### Dataset records
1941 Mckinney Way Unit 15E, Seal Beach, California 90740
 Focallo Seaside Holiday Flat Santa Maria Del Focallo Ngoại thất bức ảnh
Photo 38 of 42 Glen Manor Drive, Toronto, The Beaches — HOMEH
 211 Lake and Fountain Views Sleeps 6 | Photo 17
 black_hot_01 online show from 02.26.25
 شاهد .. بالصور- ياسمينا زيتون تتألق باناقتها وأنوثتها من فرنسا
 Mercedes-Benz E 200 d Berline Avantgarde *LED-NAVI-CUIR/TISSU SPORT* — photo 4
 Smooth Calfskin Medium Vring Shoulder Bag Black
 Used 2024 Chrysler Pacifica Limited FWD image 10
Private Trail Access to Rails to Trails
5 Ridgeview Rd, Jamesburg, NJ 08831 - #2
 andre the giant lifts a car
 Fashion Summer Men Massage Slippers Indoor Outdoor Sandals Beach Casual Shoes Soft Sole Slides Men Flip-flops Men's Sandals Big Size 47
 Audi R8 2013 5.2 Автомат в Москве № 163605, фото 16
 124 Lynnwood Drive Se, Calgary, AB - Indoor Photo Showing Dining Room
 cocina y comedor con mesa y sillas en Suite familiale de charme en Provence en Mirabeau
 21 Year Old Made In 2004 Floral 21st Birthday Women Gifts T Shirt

### Problem
Return each entry above exactly, leaving none out.

### Answer to the exercise
1941 Mckinney Way Unit 15E, Seal Beach, California 90740
 Focallo Seaside Holiday Flat Santa Maria Del Focallo Ngoại thất bức ảnh
Photo 38 of 42 Glen Manor Drive, Toronto, The Beaches — HOMEH
 211 Lake and Fountain Views Sleeps 6 | Photo 17
 black_hot_01 online show from 02.26.25
 شاهد .. بالصور- ياسمينا زيتون تتألق باناقتها وأنوثتها من فرنسا
 Mercedes-Benz E 200 d Berline Avantgarde *LED-NAVI-CUIR/TISSU SPORT* — photo 4
 Smooth Calfskin Medium Vring Shoulder Bag Black
 Used 2024 Chrysler Pacifica Limited FWD image 10
Private Trail Access to Rails to Trails
5 Ridgeview Rd, Jamesburg, NJ 08831 - #2
 andre the giant lifts a car
 Fashion Summer Men Massage Slippers Indoor Outdoor Sandals Beach Casual Shoes Soft Sole Slides Men Flip-flops Men's Sandals Big Size 47
 Audi R8 2013 5.2 Автомат в Москве № 163605, фото 16
 124 Lynnwood Drive Se, Calgary, AB - Indoor Photo Showing Dining Room
 cocina y comedor con mesa y sillas en Suite familiale de charme en Provence en Mirabeau
 21 Year Old Made In 2004 Floral 21st Birthday Women Gifts T Shirt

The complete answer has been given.